Cinematographer Adam Gillham wanted a simple and direct visual style with a big use of close-ups. Speaking about the set’s creative atmosphere, he said: “We always felt like we could experiment and there was very little in the way of restraint. We could risk making mistakes. We could risk failure.”     

Coel chose to work with crew she’d worked with before, including costume designer Lynsey Moore, who she’d collaborated with on Chewing Gum. Speaking to Elle, Coel said: “[Moore’s] job is to create a narrative and create symbols through costume. That narrative is built between me and her. And it blew my mind, her ideas and her way of sort of sneaking in the story through costumes.” Apparently, Arabella’s cardigan is one such symbol.

How was I May Destroy You received?

I May Destroy You received an overwhelmingly positive critical reception, with BAFTA recognition, 98% approval on Rotten Tomatoes (at time of writing), and acclaim from around the world, with France’s Le Monde declaring it a Top 10 TV show for 2020, the Guardian suggesting it as the “best drama of the year,” Vox calling it “the best TV show of the year,” and the New York Times describing Coel as “riveting.”

Coel won five BAFTA awards for her work on the show, including Leading Actress, Direction, Writer, and Mini-Series. Her recognition in the UK came after she was controversially snubbed at the Golden Globes, after which director and writer Mark Duplass called Coel’s work ‘criminally unrecognised,’ and actor Dylan O’Brien said the world didn’t deserve Coel.

Coel dedicated her BAFTA wins to her crew and to the show’s intimacy director Ita O’Brien: "Thank you for your existence in our industry.

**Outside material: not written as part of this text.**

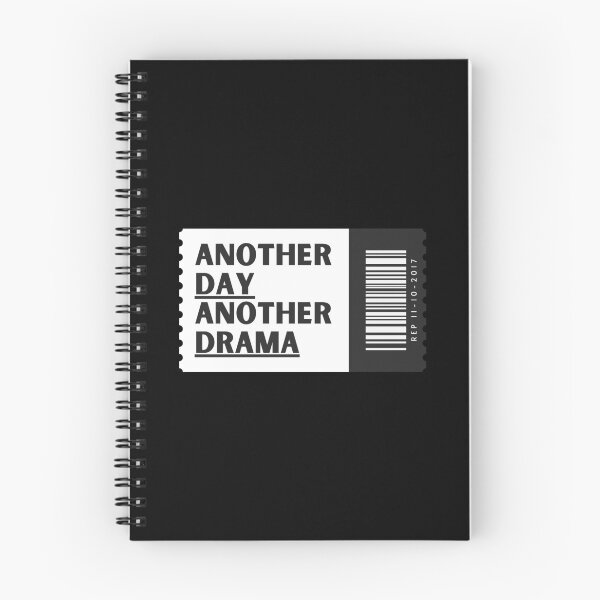 Item preview, Another Day, Another Drama designed and sold by MsGraphicaIllus.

For making a safe space, for creating physical, emotional, and professional boundaries so that we can make work about exploitation, loss of respect, about abuse of power, without being exploited or abused in the process.”

Will there be another series of I May Destroy You?

On the night of her BAFTA triumph, Coel was asked about the possibility of another series of I May Destroy You: “I think I May Destroy You has been so huge it’s destroyed itself, but you know, we continue making work and we do other things.”

One of those “other things” is a new project for the BBC. Speaking about it, BBC drama controller Piers Wenger said:“ It’s truly in Michaela’s head and it’s not for me to second-guess that too much at this point. It’s at relatively early stages, but I wanted to let the fans of I May Destroy You know that there is a new show coming along. What relationship that show will have with the original series, [is for Michaela to decide]. There’s a relationship between Chewing Gum and I May Destroy You. There’s a through-line to her thinking. I suspect there may be elements [of I May Destroy You] but it’s really too early to say anything specific.”

Coel runs her own production company, FALKNA Productions, and HBO has already said they’d love to work with Coel again, telling a BBC podcast that she has a TV idea “in the back of my mind.”

Coel is also writing her first book, which will be released later this year. Entitled Misfits: A Personal Manifesto, her agents describe it as a “rousing and bold case against fitting in.”

At the post-BAFTA press conference, Coel was asked what she wanted people to take away from I May Destroy You. She said: “I would like for people to search themselves a bit and to be a bit more curious than they already are. That’s definitely what helped me over these two years of making the show – being curious, and thinking about uncomfortable parts of myself and uncomfortable experiences, and not being afraid to ask myself questions.” 

And as co-star Opia told The Guardian, “Michaela has kicked the door down and I’m hoping more people of colour will be able to tell their stories now, because they are universal, and this show is proof that they sell.”